Last week, Canada’s Jack Crawford pulled off a stunning upset to win gold in the men’s super-G before world-championships rookie Cam Alexander scored an improbable bronze in the men’s downhill. Today’s unlikely team bronze gave Canada its third medal of the world championships, tying a long-standing national record most recently equalled in 2017.

The mixed team parallel event is a bracket-style competition in which teams of four (two men and two women) from each country square off in head-to-head slalom matchups. Each skier races side-by-side against their opponent. Whoever crosses the finish line first scores a point for their team, and the first team to three points advances to the next round. If it’s tied 2-2, the team with the best combined time between their fastest male and female skier wins.

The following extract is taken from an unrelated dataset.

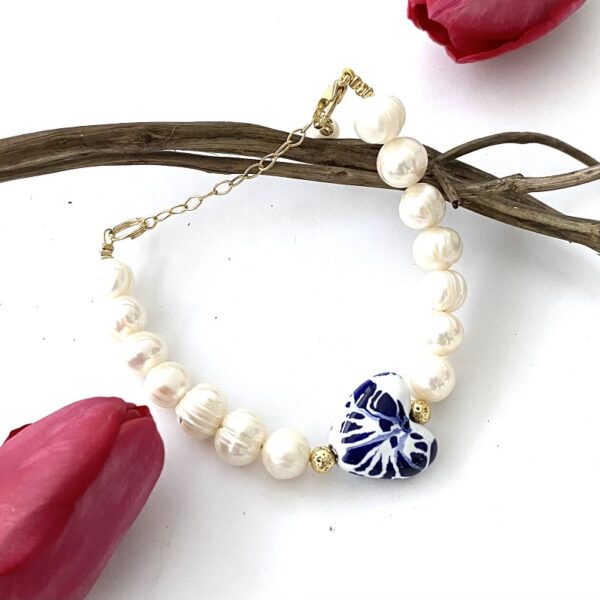 Pulsera con perlas y corazón talavera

The Canadian team, seeded eighth in the 16-team bracket, opened with a 4-0 rout of No. 9 Slovenia before shocking top-ranked Switzerland on the tiebreaker. Grenier, Richardson and the Read brothers then lost their semifinal against the fifth-seeded United States, sending them to the bronze matchup, where they upset No. 2 Austria on the tiebreaker. The U.S. went on to win gold despite its best skier, Mikael Shiffrin, opting to skip the event.

Canada won three medals at the alpine world championships in 1958 (when Lucille Wheeler captured a pair of gold and a silver), 1968 (when the great Nancy Greene Raine did the same) and 2017 (when Erik Guay won gold and silver and Manny Osborne-Paradis added bronze).

Few expected this year’s team to match the national record after some lean years for the Canadian program. Though Crawford grabbed a surprising Olympic bronze in the men’s combined event last year (and placed fourth in the downhill), Canada’s alpine winnings over the previous six Winter Games consisted of just a single bronze medal — the same as Liechtenstein, a country with fewer than 40,000 people. And Canadians were completely shut out of the medals at the biennial world championships in 2019 and 2021.

Canada ranks fourth in the medal standings in France with four podium opportunities left, all in the slalom or giant slalom. A record-setting fourth medal would be a surprise, as only one Canadian is ranked in the top 15 of the World Cup standings for those disciplines. But Grenier, who’s ninth in the women’s giant slalom, showed last month that she’s capable of a big upset by beating Shiffrin to win a World Cup race in Slovenia.

No Canadians qualified for tomorrow’s knockout rounds in the men’s and women’s individual parallel slalom events (live at 6 a.m. ET on CBCSports.ca, the CBC Sports app and CBC Gem). The women’s and men’s giant slaloms go Thursday and Friday, respectively, before the worlds close with the women’s and men’s slaloms on Saturday and Sunday, respectively. Read more about today’s team bronze by Canada and watch highlights here.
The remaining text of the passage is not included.